Ehrenfest Paradox - Brief History

Brief History

Citations to the papers mentioned below (and many which are not) can be found in a paper by Øyvind Grøn which is available on-line.

  • 1909: Max Born introduces a notion of rigid motion in special relativity.
  • 1909: After studying Born's notion of rigidity, Paul Ehrenfest demonstrated by means of a paradox about a cylinder that goes from rest to rotation, that most motions of extended bodies cannot be Born rigid.
  • 1910: Gustav Herglotz and Fritz Noether independently elaborated on Born's model and showed, that Born rigidity only allows of three degrees of freedom for bodies in motion. That is, it's possible that a body is capable of moving in uniform translation and uniform rotation, yet accelerated rotation is impossible. So a Born rigid body cannot be brought from a state of rest into rotation, confirming Ehrenfest's result.
  • 1910: Max Planck calls attention to the fact that one should not confuse the problem of the contraction of a disc due to spinning it up, with that of what disk-riding observers will measure as compared to stationary observers. He suggests that resolving the first problem will require introducing some material model and employing the theory of elasticity.
  • 1910: Theodor Kaluza points out that there is nothing inherently paradoxical about the static and disk-riding observers obtaining different results for the circumference. This does however imply, Kaluza argues, that "the geometry of the rotating disk" is non-euclidean.

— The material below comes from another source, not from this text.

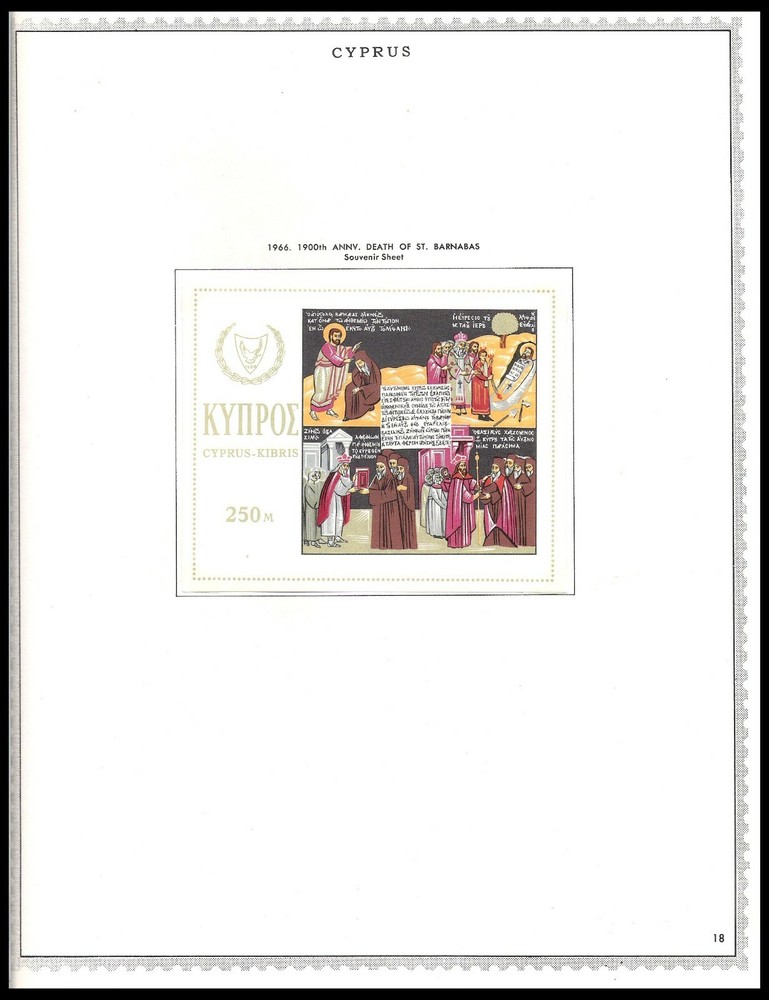 CYPRUS 1966 ISSUES ON 2 PAGES (LHM/UHM) *CLEAN & FRESH*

He asserts without proof that this geometry is in fact essentially just the geometry of the hyperbolic plane.
  • 1911: Max von Laue shows, that an accelerated body has an infinite amount of degrees of freedom, thus no rigid bodies can exist in special relativity.

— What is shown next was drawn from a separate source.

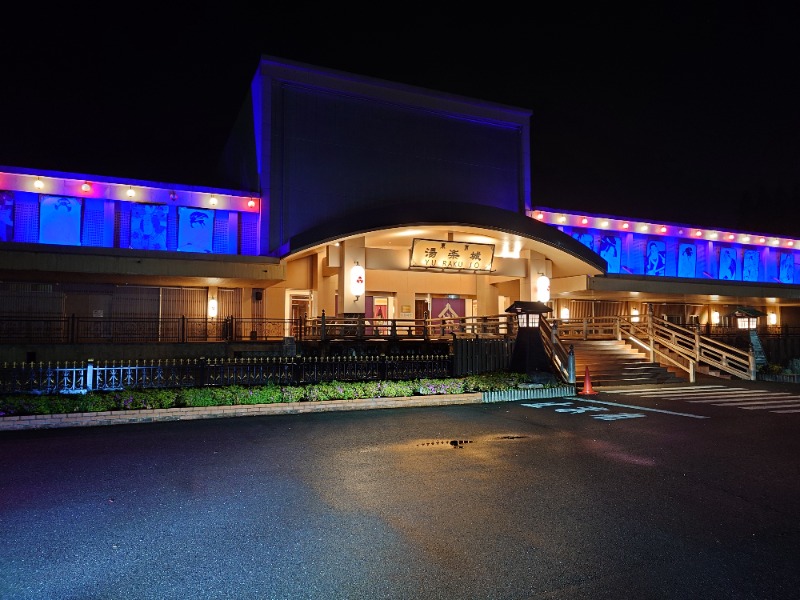 熱波師 翔さんの東京湯楽城のサ活写真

  • 1916: While writing up his new general theory of relativity, Albert Einstein notices that disk-riding observers measure a longer circumference, C′ = 2π r √(1−v2)−1. That is, because rulers moving parallel to their length axis appear shorter as measured by static observers, the disk-riding observers can fit more small rulers of a given length around the circumference than stationary observers could.
  • 1922: In his seminal book "The Mathematical Theory of Relativity" (p. 113), A.S.Eddington calculates a contraction of the radius of the rotating disc (compared to stationary scales) of one quarter of the 'Lorentz contraction' factor applied to the circumference.
  • 1935: Paul Langevin essentially introduces a moving frame (or frame field in modern language) corresponding to the family of disk-riding observers, now called Langevin observers. (See the figure.) He also shows that distances measured by nearby Langevin observers correspond to a certain Riemannian metric, now called the Langevin-Landau-Lifschitz metric. (See Born coordinates for details.)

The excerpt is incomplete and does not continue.